Indianhead Council merged with Viking Council in 2005 to create Northern Star Council. The Indianhead Council was headquartered in Saint Paul, Minnesota, and including Ramsey and Washington Counties in Minnesota, and much of western Wisconsin. Its name came from the shape of the Wisconsin-Minnesota border, which is said to resemble that of the head of an Indian. As well as the office building in Saint Paul, facilities included Tomahawk Scout Reservation near Rice Lake, Wisconsin, Phillippo Scout Reservation near Cannon Falls, Minnesota, Fred C. Andersen Scout Camp near Hudson, Wisconsin, and Kiwanis Scout Camp near Marine on St. Croix, Minnesota.

Potawatomi Area Council

The Potawatomi Area Council is headquartered in Waukesha, Wisconsin. The Potawatomi Area Council serves all of Waukesha County and portions of Dodge, Jefferson, Walworth and Washington Counties. The Wag-O-Shag Lodge is the Order of the Arrow lodge. Potawatomi Area Council has one summer camp named Camp Long Lake.

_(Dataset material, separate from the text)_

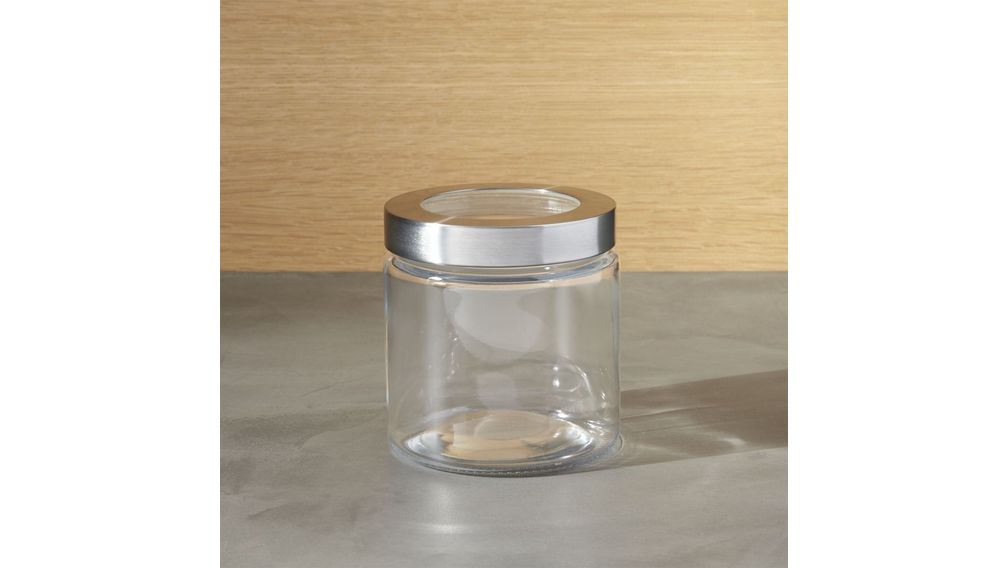 Contenedor de Vidrio Con Tapa Extra Chico 591ml - cratebarrelpe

The Potawatomi Area Council (#651) was formed in 1931.

Samoset Council

Samoset Council is headquartered in Weston (near Wausau), and serves the north central part of Wisconsin and was founded in 1920. It gets its name from an early Boy Scout camp in the town of Harrison, named Camp Sam-O-Set which closed in 1934, a year before the construction of Camp Tesomas.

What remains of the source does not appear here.